GEORGE TOWN (April 30, 2010): The legal advisory panel appointed by the Penang government to study the laws covering local government elections (LGE) has recommended that the state seek a declaration from the Federal Court in its bid to hold local government elections (LGE).
Panel head and former Bar Council chairman Yeo Yang Poh said the Elections Commission (EC) was wrong in saying current laws do not permit the holding of LGE.
He told a press conference at Penang Chief Minister Lim Guan Eng's office here in Komtar today that the only avenue for the state government now is to go to the Federal Court.
This is his argument:
> Article 113 (4) of the Constitution states that LGE is constitutionally permissible and while it is not mandatory, it cannot be prohibited by any law.
> When Section 15 (1) of the Local Government Act (LGA) prohibits LGE, it is then inconsistent with the constitution.
Yeo said the panel recommends the state government seeks a declaration directly from the Federal Court to declare Section 15 (1) of the LGA void and to declare the Local Government Elections Act the sole and proper law on LGE.
"If this fails, the state government can opt out of Section 15 (1) by virtue of Section 1(4) which states that the state authority may by notification in the Gazette exempt any area within any local authority area from all or any of the provisions of the Act," he said.

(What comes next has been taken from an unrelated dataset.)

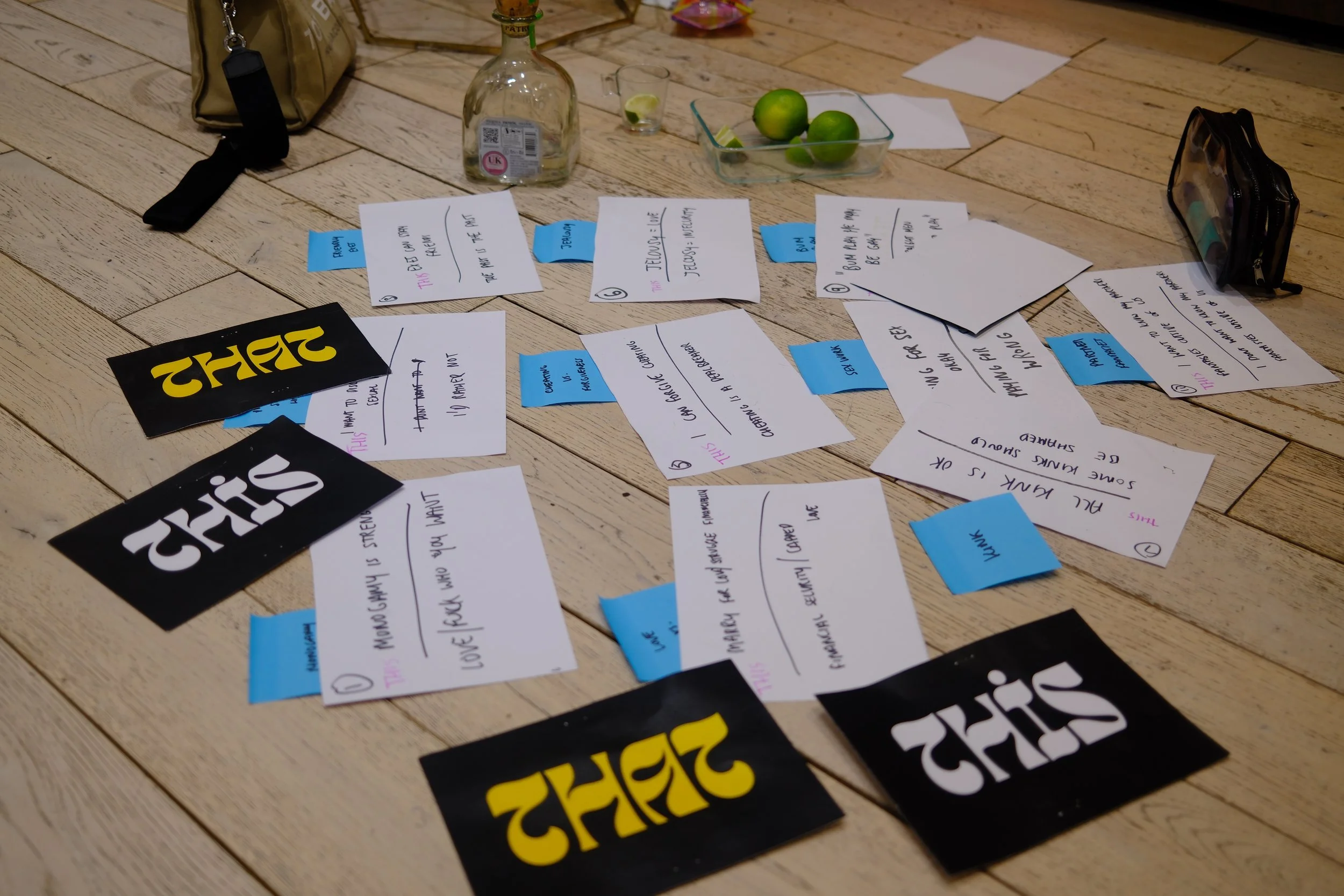 Notes, stickers, and containers scattered on a wooden floor, with two black and yellow 'THRIVE' stickers and a black and white sticker visible among the papers.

After the state government 'opts out', it can then invoke the Local Government Elections Act to carry out LGE, he said.
Yeo submitted the full report of the panel's legal opinions officially to Lim on Friday.
Lim said the state executive council will meet to discuss the reports and decide on the next course of action.
Last month, the Election Commission had said that it could not hold LGEs as the provision allowing it to do so was repealed when the Local Government Act 1976 came into effect.
EC chairman Tan Sri Abdul Aziz Yusoff had said Part V of the Local Government Elections Act 1960 allowed it to supervise elections of local councillors, but all provisions related to local government elections were repealed when the the 1976 Act was enforced.
He said the 1976 Act gave states "full authority" to appoint local councillors.
"I would like to stress that we are not rejecting the requests by the Penang and Selangor governments to hold elections for local government. However, we are not able to hold the elections as there is no enabling law or legal provision for us to do so," he was quoted as saying.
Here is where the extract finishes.